Under Obama-Pelosi, this isn’t even George McGovern’s party anymore.
Those who contribute to, vote for, or otherwise support today’s Democrat party need to catch up to the curve. These are not your father’s Democrats. George McGovern would be a moderate in this party.
This is the party that rejected Hillary Clinton because she was not left enough. Instead it literally took a Marxist street agitator from the Chicago political machine and put him in the White House. Barack Obama was actually teaching the social manipulation methods of openly communist revolutionary Saul Alinsky to other Marxist revolutionaries for the radical communist front group ACORN. His weird name reflects his personal rejection of American culture. This is the person today’s Democrat party wanted for President.
But it is not just him. The leader of the House Democrats is former House Speaker Nancy Pelosi, ultraleft San Francisco Democrat totem. She is virtually as far left as Obama, and her public statements make Sarah Palin seem like a Ph.D. in economics. She keeps telling us that unemployment insurance payments are the best way to restore booming economic growth and prosperity.
When the American people rebuked Pelosi’s ultraleft leadership as House Speaker, turning to the Republicans for the greatest House turnover since the New Deal, House Democrats responded with their own rebuke of the people. They voted Pelosi right back in as their leader, effectively saying to the American people that they were too stupid to know what they are doing, and that Pelosi’s ultraleft San Francisco values best represent the Democrat party’s ideals.
The Democrats also elected as DNC Chairman the unreasoned and far left screamer and name caller Debbie Wasserman Schultz, who also makes Sarah Palin look like a rocket scientist. She touts as her achievements in the Florida legislature the Florida Residential Swimming Pools Safety Act, and state regulation of dry cleaning prices. She compiled during her career there the widely noted most liberal-left voting record of any state legislator. The Democrat party considered that the perfect qualification for party chairman.

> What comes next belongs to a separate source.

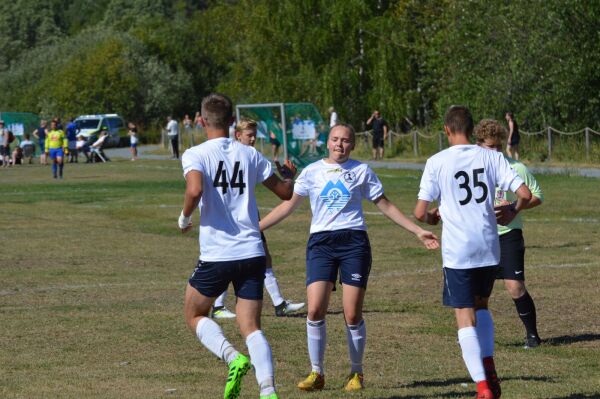 Tre lag vidare i Norway Cup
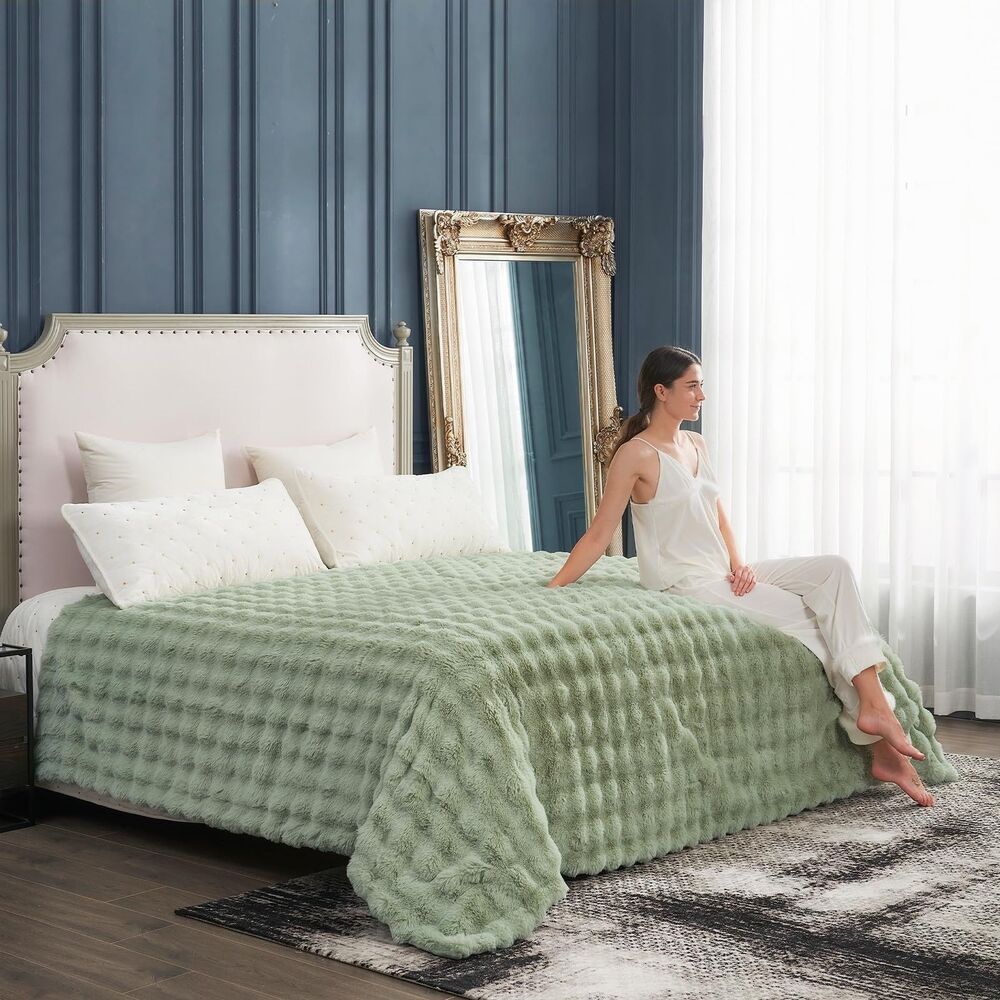 Cozy Bliss Faux Fur Throw Blanket, Fuzzy Soft Plush Thick Bubble-Sage Green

If you think that increased government spending, deficits, and debt are the key to economic growth and prosperity, then this is the party for you. That is explicitly its economic policy, as crazy as that sounds. Democrats call it Keynesian economics. If you don’t agree that increased government spending, deficits, and debt promote economic growth, then you shouldn’t be voting for, contributing to, and supporting Democrats, and you shouldn’t let your friends do so either.

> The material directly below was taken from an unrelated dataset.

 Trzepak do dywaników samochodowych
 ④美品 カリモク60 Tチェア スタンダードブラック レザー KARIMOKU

Obama’s Hugo Chavez Strategy
Our esteemed El Presidente greeted us in the new year with recess appointments of Richard Cordray as chief of the Consumer Financial Protection Bureau, and three new members of the increasingly rogue National Labor Relations Board. There was just one problem. The Congress was not in recess.

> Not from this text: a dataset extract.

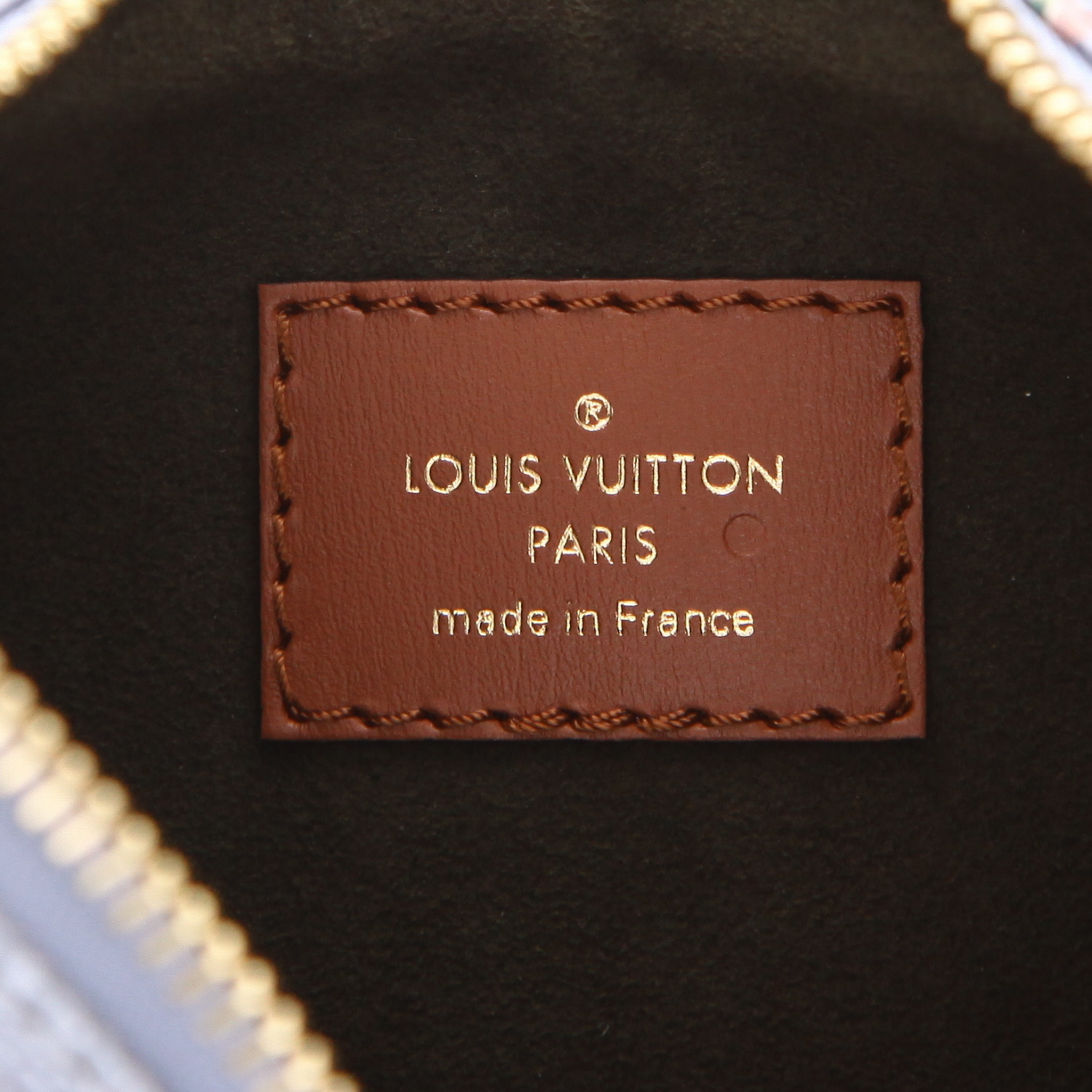 Bolso bandolera Louis Vuitton  Sac Loop en lona Monogram revestida plateada y azul y cuero marrón - Detail D2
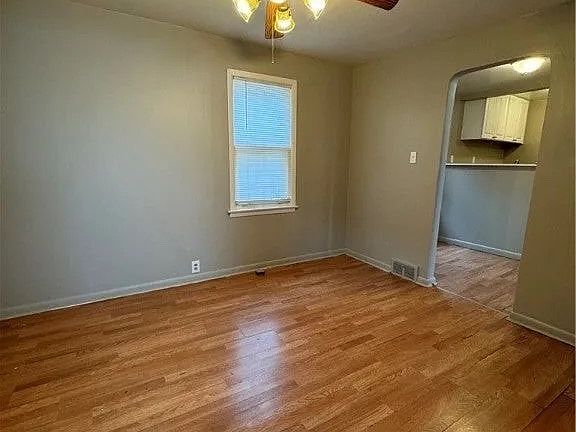 3rd image of 412 19th St #2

These appointments were consequently illegal, and in direct violation of the explicit text of the Constitution. As Stanford Law School Professor Michael McConnell explained in the Wall Street Journal on January 10, “It is hard to imagine a plausible constitutional basis for the appointments. The President has the power to make recess appointments only when the Senate is in recess.”
McConnell further explained, “Article I, Section 5, Clause 4 [of the Constitution] requires the concurrence of the other house to any adjournment of more than three days. The Senate did not request, and the House did not agree to, any such adjournment.”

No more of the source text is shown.